Inconsciente, provocante, voici la monnaie de ta pièce :

« RRRRRRPOUA ».

Les poings serrés dans les poches, les mandibules crispées, le petit chaperon avait pourtant choisi de suivre son chemin. Ignorée la voiture bleu blanc rouge à quelques mètres. Pas de pensée impure. Objectif brassière à tenir, go to Go sport.

C’était quoi ce bruit? Oh putain, non… il n’a pas osé. Manteau retourné en éclair. Rien, mais vision périphérique qui repère un crachat en phase chute à quelques centimètres. Regard grave de deux mineurs à la casquette renversée.

Quelle tâche. Il m’a ratée. Courroux, détermination : demi tour.

Préparation : humidification buccale. Trois pas. Fenêtre ouverte. Le niais ! En pleine face. Pas mal pour un premier mollard social.

Entre temps, le chaperon vert est devenue une « salope ». Qu’à cela ne tienne. Elle espère que sa grippe est restée logée dans ses sécrétions de salope.

Le connard. Il ne quittera pas sa Polo qu’elle que soit son envie. Sa Polo, il l’a dans la peau.

Elle le sait et poursuit sa route. Les poings sont sortis. Le rouge aux joues, les larmes aux yeux. La peur aussi, un peu. Les deux casquettes retournées la félicitent : « Bravo Madame, ça se fait pas franchement.
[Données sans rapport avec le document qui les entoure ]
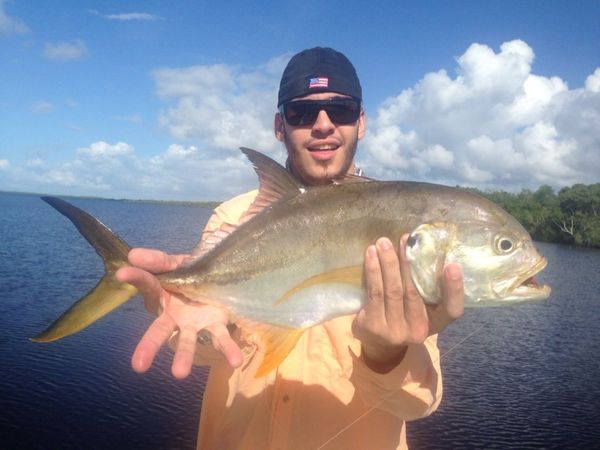Fishing Adventure Charters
Faut pas se laisser faire ». Ils la suivent, aimantés. Elle doute de son mérite face à cette gloire inespérée.

Halte devant Habitat. Coup d’oeil à la voiture bleu blanc rouge. De quoi le faire frissonner au fond de son kangourou : encore une mission pour « Super connasse ».

Course jusqu’à la Polo. Elle n’a pas bougé. Pas la moindre avancée.
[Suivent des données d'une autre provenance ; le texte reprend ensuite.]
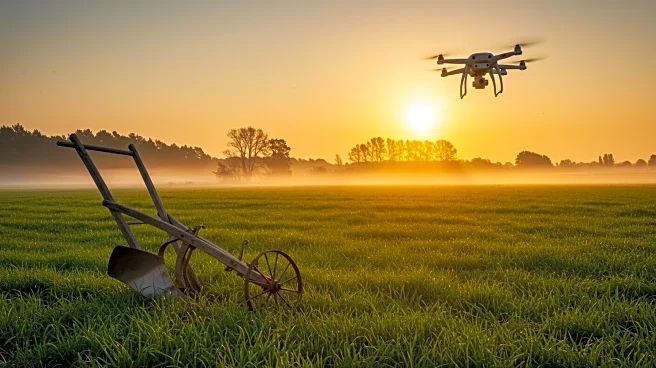 Farmonaut Integrates Heritage Agriculture with Modern Technology for Sustainable Farming in 2025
Un chaperon salope regarde le véhicule en face, à trois mètres, droit dans les yeux. Elle note sur le revers de la main les quelques chiffres de sa gourmette. Pas discrètes les gourmettes de Polo, un truc auquel les connards devraient penser.

Petit coup d’oeil sur le visage blanc, immobile. Petit salut de la main. Sourire.

Sourire d’angoisse, sourire de honte. Le petit chaperon vert n’aime pas cracher.